I appreciate the difficulty of speaking a foreign language 

The reason you learn quickly by immersion is that you have no choice. I need Korean to get by in my daily life, and so I have to remember things. I didn’t feel comfortable at all when I first got here. Speaking a new language is challenging, intimidating, and just plain frightening at times. I look a Korean in the eye or order at a café and I just completely blank out, suddenly any language skills are out the door. It’s so hard to learn something new and be away from your first language. If you've ever wondered why there are Mexican, Korean, Chinese, etc. districts in the US, it's probably because it feels comfortable and safe that way, in my opinion. And there's nothing wrong with that. I am pleasantly surmised and partly relieved when someone lets me do all my ordering in English. Yes, I am completely capable of ordering in Korean. But when I can feel comfortable and effortlessly order and talk with the clerk, that's something that I miss at times. 
I'm also working part time as an English Tutor, so I'm beginning to understand how difficult and weird English is. Goodness! When I have to explain what's what in English, I realize how hard it must be to understand all the "rules". 

I have a deeper cafe obsession 

Since coming to Korea my love of unique and quirky cafes has had a chance to flourish. There are cute cafes everywhere and I want to visit them all. The atmospheres and decorations are different all over and I love the cozy feeling of sitting and having something to drink. There's also really pretty latte art and and ceramic cups at a lot of them as well. Of course, you can get coffee in a mug in other places around the world, but my point is that there's a whole "cafe culture", so to speak, here in Korea. A lot of people go and sit there, eating cake or waffles usually. You can go alone, but most people go with a friend and just hang out chatting and reading magazines for a while. This is probably my new favorite pass time because it suits my personality so well, and I never had as many chances to do this before. 

I became more competitive and bold 

One of the last things can again be seen as good or bad for me. I wasn't very competitive before. I didn't care if I lost a game or got a worse grade than someone else. But since joining the Korean school system, I have a drive to be the best more than ever. If you're unaware, there's a percentage grading curve used in schools where about 35% can have A, 35% can have B, 35%, and the rest get C, D, or F scores (Roughly). This means even if you technically earned an A, if someone else earned it "more than you", aka got one or more points, you can get a B or C still. It's really sad and it's the reason college student life can be cut-throat. I didn't care much before if someone else got a point higher than me, but I do now. Because getting a B instead of an A simply because you got 97 and they got 98 seems totally unfair to me. Anyways, I just try harder than ever now to work hard at school, and I also try to speak with Professors, etc. and participate in class more than I ever did in High School or Middle School.

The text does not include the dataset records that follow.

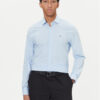 Tommy Hilfiger Риза MW0MW40524 Светлосиньо Slim Fit цвят на ниска цена
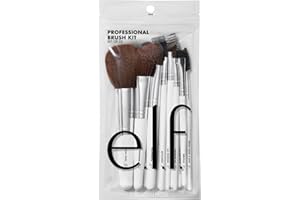e.l.f. Professional Set of 12 Makeup Brushes, Pro-Worthy Makeup Brushes For A Flawless Full-Face Application, Vegan & Cruelty-Free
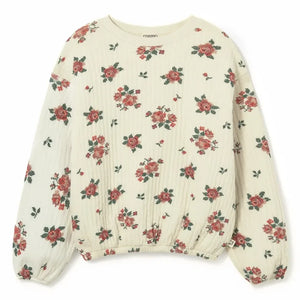 Cozmo - Celia Sweat Flowers Organik Pamuk | Ivory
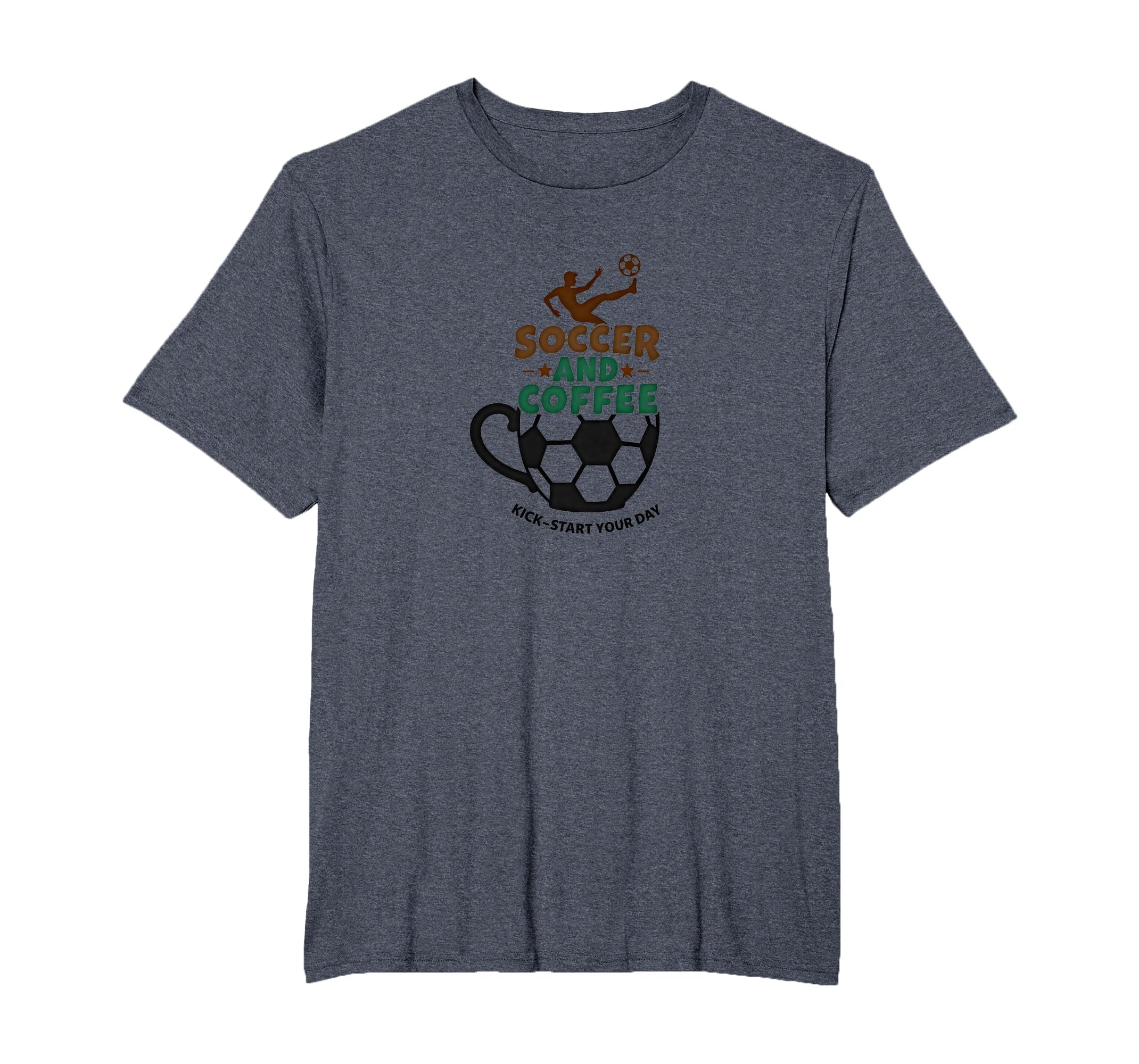Soccer Mom Soccer And Coffee Kick Sweatshirt - Trendy Graphic for Adults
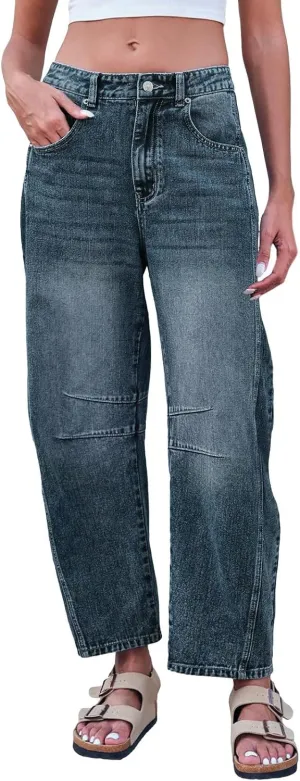 High Waisted Jeans for Women Wide Leg Loose Baggy Boyfriend Denim Pants 90S Vintage Streetwear Y2k Grunge Jean Pants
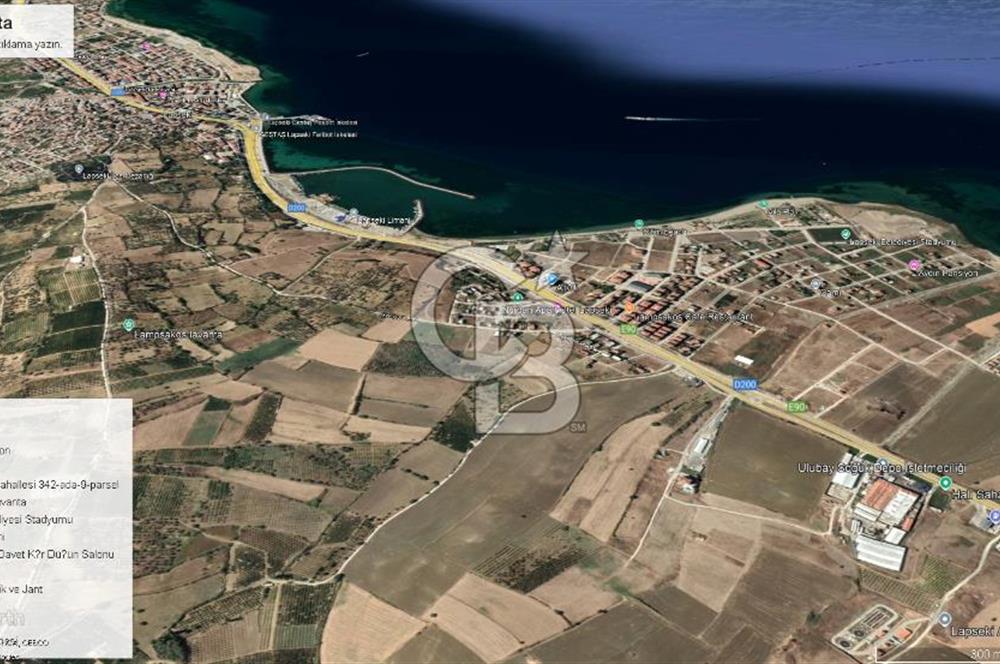 ÇANAKKALE LAPSEKİ'DE %30 4 KAT İMARLI SATILIK ARSA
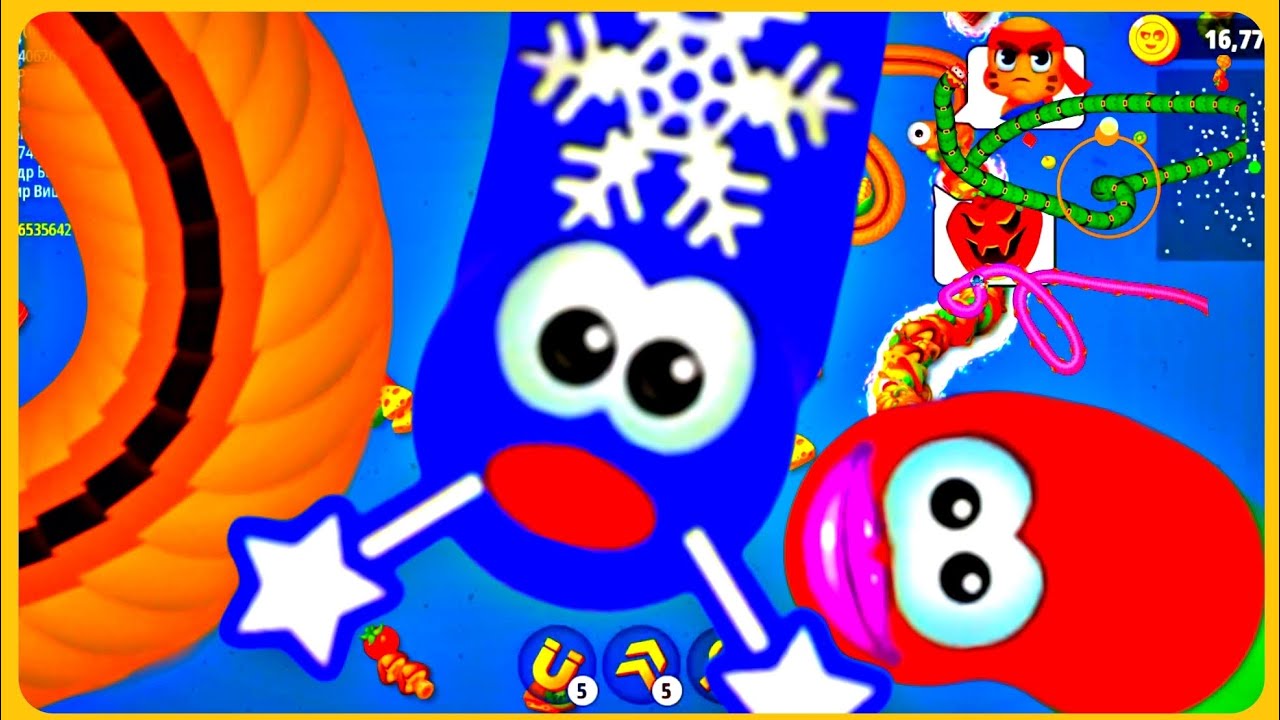 Wormzone best gameplay world biggest snack 🥨😋#games #wormszone #like #gameplay #wormszoneio 😱😱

There are a lot of little and big things that have changed in my life since moving here, and I feel like I've grown in many ways. While I think part of it is from living away from home in general, I think the country, and the specific country you move to, has a lot of influence as well. I'm living my dream and I love it here, even though there are times when it's hard. Mainly I want to say that the people and environment around us mld us into the people we will be in the future. You do have a choice in this, but I believe there are also things that just become a part of who you are over time. The funny thing is, I know when I go back to visit The States I'll probably think things are weird there because I'm so used to doing things "the Korean way" at this point.

I do have a question for the people who read this article. Have you ever lived away from your native/home country? If so, what changed about you because of that? I'm really curious if any of those things will be similar or different than mine. Anyways, thanks for reading! I hope to get things running regularly again soon, but I honestly cannot promise anything because another thing I've learned is that in life, stuff happens.